**Assigned task**
Print every line below exactly. Skip the pictures.

**Stored items**
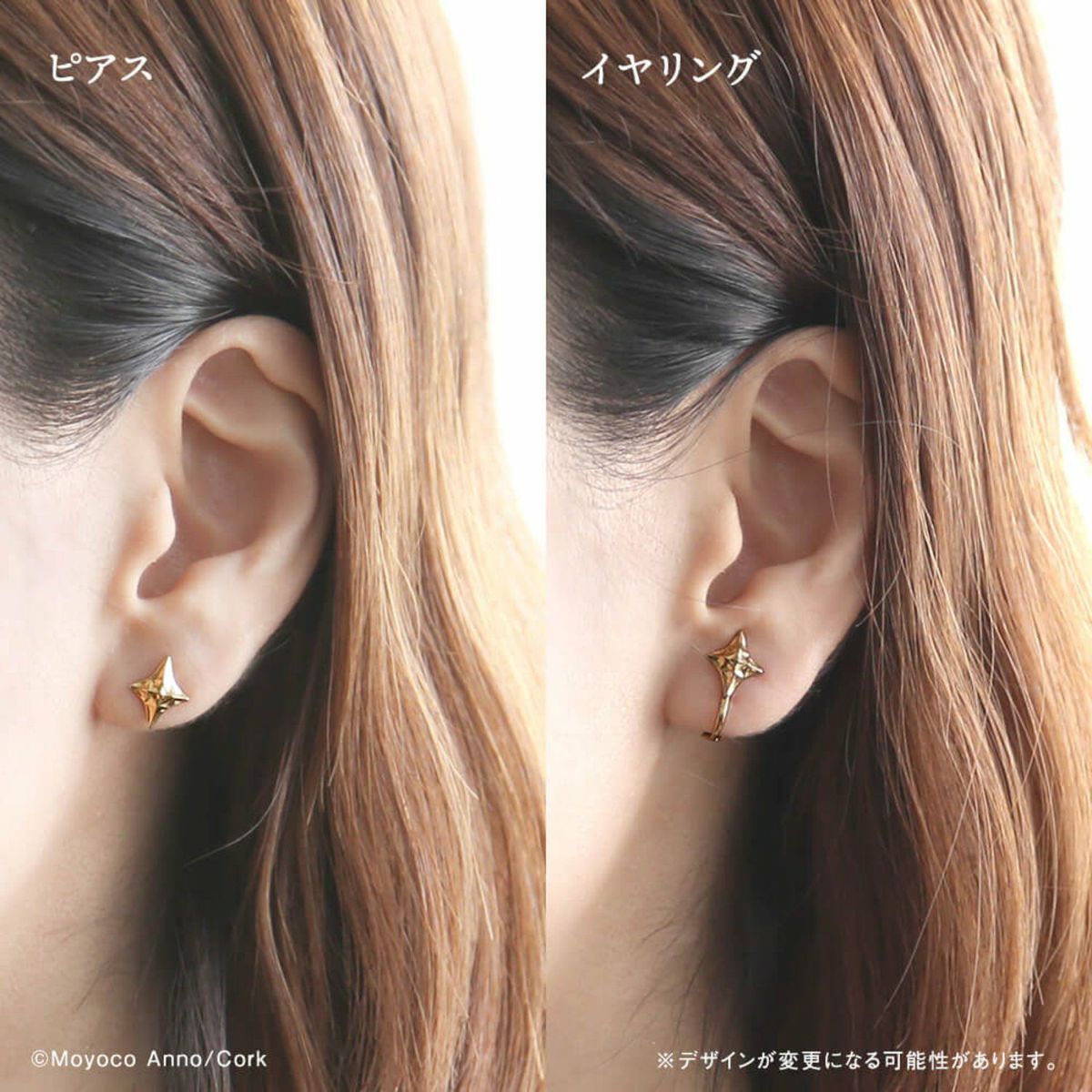 シュガシュガルーン ピアス シュガルンセット（ショコラ＆バニラ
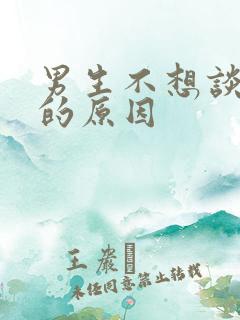 男生不想谈恋爱的原因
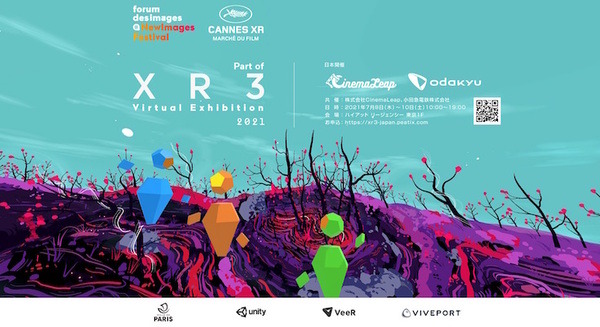 小田急がXRを活用したバーチャル展示会「XR3」サテライト会場を開設 世界的な映画美術館を新宿で 画像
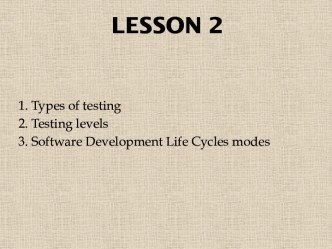 Types of testing. Testing levels. Software Development Life Cycles modes
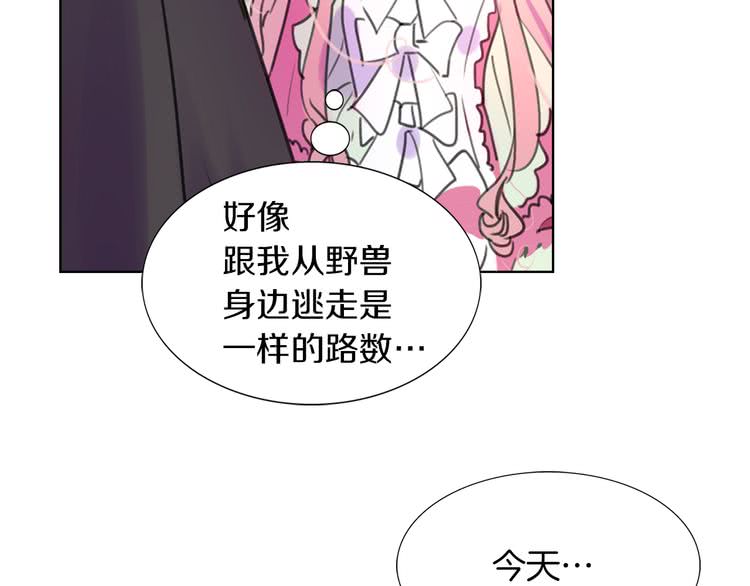 不要小看女配角漫画作者漫画,第31话 与皇女惺惺相惜！2图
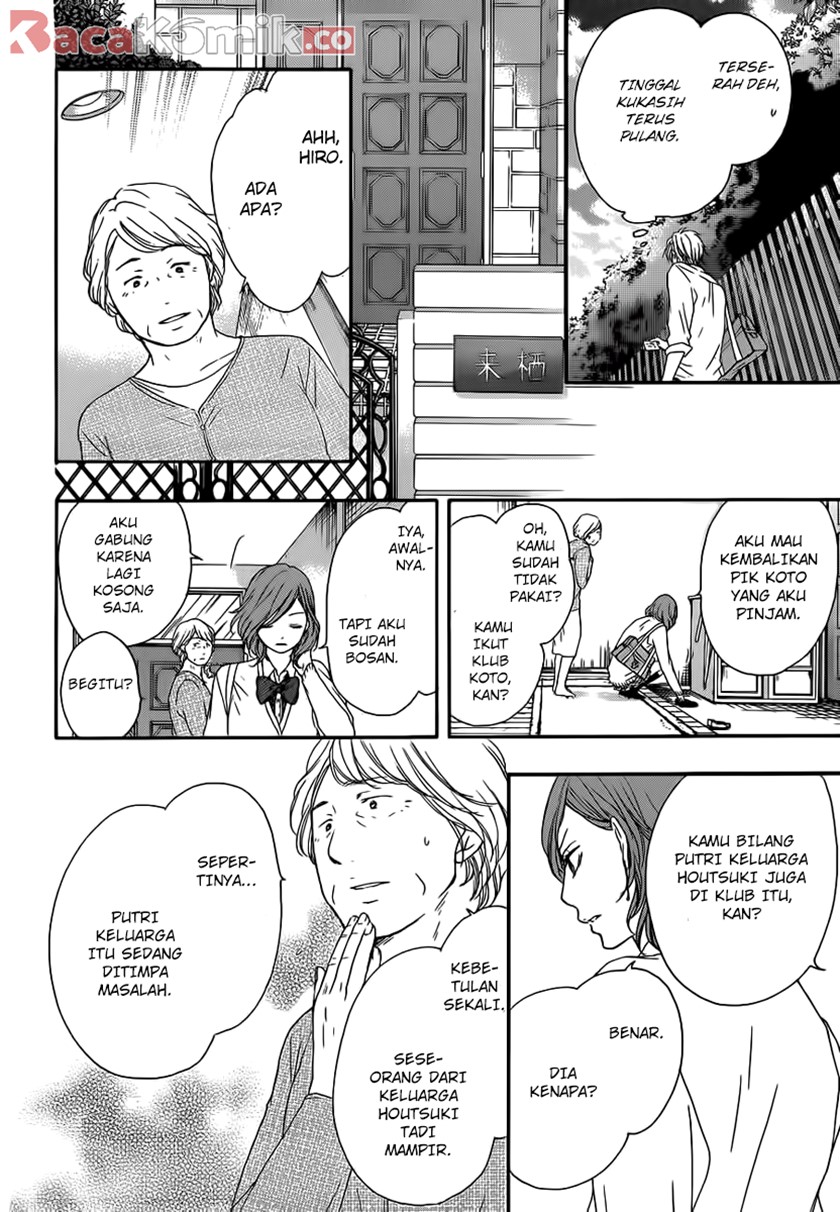 Kono Oto Tomare!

**Answer to this problem**
 シュガシュガルーン ピアス シュガルンセット（ショコラ＆バニラ
 男生不想谈恋爱的原因
 小田急がXRを活用したバーチャル展示会「XR3」サテライト会場を開設 世界的な映画美術館を新宿で 画像
 Types of testing. Testing levels. Software Development Life Cycles modes
 不要小看女配角漫画作者漫画,第31话 与皇女惺惺相惜！2图
 Kono Oto Tomare!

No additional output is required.